Je me hâte de lire la suite, car elle promet d'être aussi passionnante que le début!
Jowie
Posté le 13/02/2021
Ohhh merci beaucoup pour ton retour ! Je suis vraiment contente que ce début soit entraînant et que tu prennes plaisir à suivre Eleonara dans ses aventures :) Voilà, je vais sourire toute la journée maintenant, haha !
Je te souhaite une très bonne lecture de la suite !
Isapass
Posté le 09/01/2020
Ah ça y est, j'ai raccroché les wagons ! La prison c'était au chapitre 2 et ensuite, il y avait le rêve. C'est bon, j'y suis !
Ce chapitre là est moins léger que le précédent : la prison, le chagrin, l'isolement, la perspective d'être emmenée on ne sait où... c'est pas la joie. Et l'évasion manquée, pauvre Eleonara !
Malgré la gravité de l'histoire, ça se lit toujours tout seul ! Je retrouve tes images et tes métaphores si originales et bien vues ! Le rythme est parfait, toujours au service de l'intrigue et quel vocabulaire !
Bon, voilà, je suis en mode fangirl à nouveau ;)
Détail :
"Celle-ci si agrippait comme un enfant aux vêtements de sa mère, se le répétant encore et encore par peur de l'oublier." : s'y agrippait
Jowie
Posté le 11/01/2020
J'avoue que moi-même je ne me souviens jamais de l'ordre dans lequel j'ai placé ces flashbacks xD Mais parfait si tout est clair pour toi maintenant !
Eh oui c'est vraiment pas la joie ce début (je devrais distribuer des mouchoirs), mais tu me connais, j'aime bien saupoudrer un peu de drama sur ce que je scribouille ;) Je suis contente que ce chapitre fonctionne bien selon toi au niveau de la langue et de l'intrigue. D'ailleurs, j'ai toujours cru avoir un vocabulaire limité alors merci pour ce que tu dis, ça m'a touchée !

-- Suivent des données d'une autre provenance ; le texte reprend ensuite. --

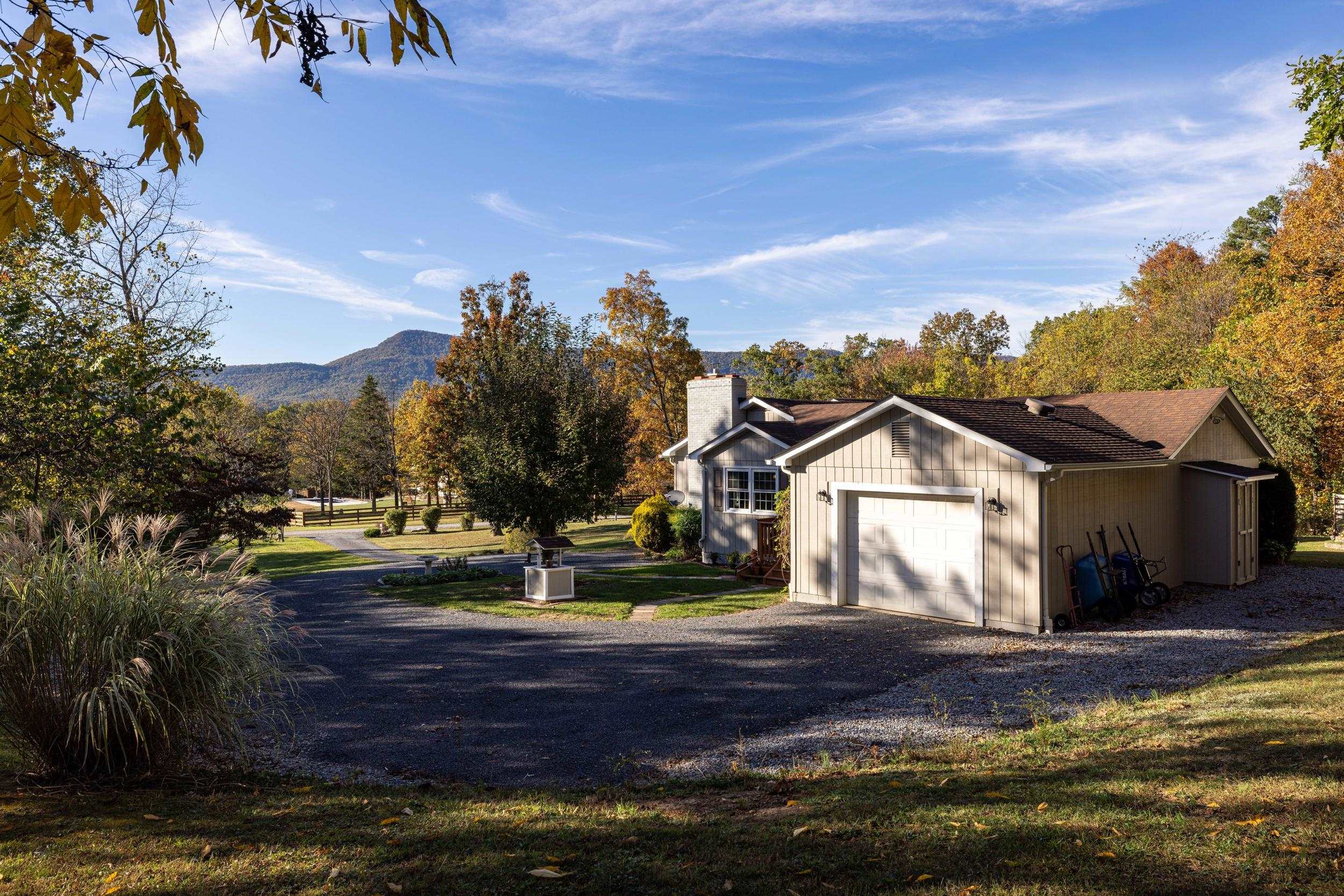 480 MONT VIEW LN, LURAY, Virginia 22835, 3 Bedrooms Bedrooms, ,2 BathroomsBathrooms,Residential,480 MONT VIEW LN,670964 MLS # 670964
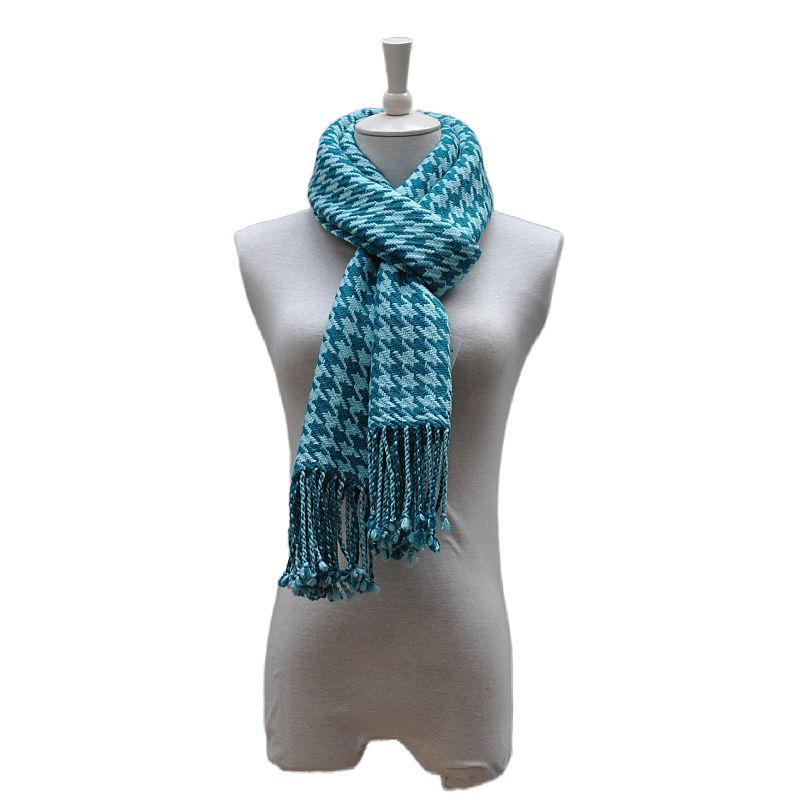 lifestyle houndstooth scarf WDH2214 teal two tone fringed neck wrap mannequin shot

Ta fangirl-attitude est la bienvenue :D
Je corrige la coquille de ce pas !
Keina
Posté le 20/08/2019
Oh, donc elle avait déjà essayé de fuir de sa prison, après la mort de la Dame... Mais on ne sait pas comment elle a finit dans la cave d'une taverne. (À moins que tu en ais parlé au début et que j'ai oublié ?) Du coup, j'espère que cette fois, elle va réussir son coup! Je file lire ça du coup!
Jowie
Posté le 23/08/2019
Oui ce n'était pas sa première tentative de fuite.... Tu as raison, je n'ai pas encore expliqué comment elle est arrivée à la taverne, mais t'inquiète pas, tu le sauras très très bientôt ! Alors, Eleonara réussira-t-elle à s'enfuir cette fois ? ;) Merci pour être repassée et bonne lecture de la suite !
Mouette
Posté le 19/05/2019
Salut !
Juste pour dire : tu répètes deux fois paroles à la première phrase du quatrième paragraphe.
Sinon c'est toujours aussi bien ! 
Jowie
Posté le 19/05/2019
Merci Mouette, c'est corrigé ! ;)
Merci pour tes commentaires, je vois que tu enchaînes les chapitres, ouah ! Bonne lecture!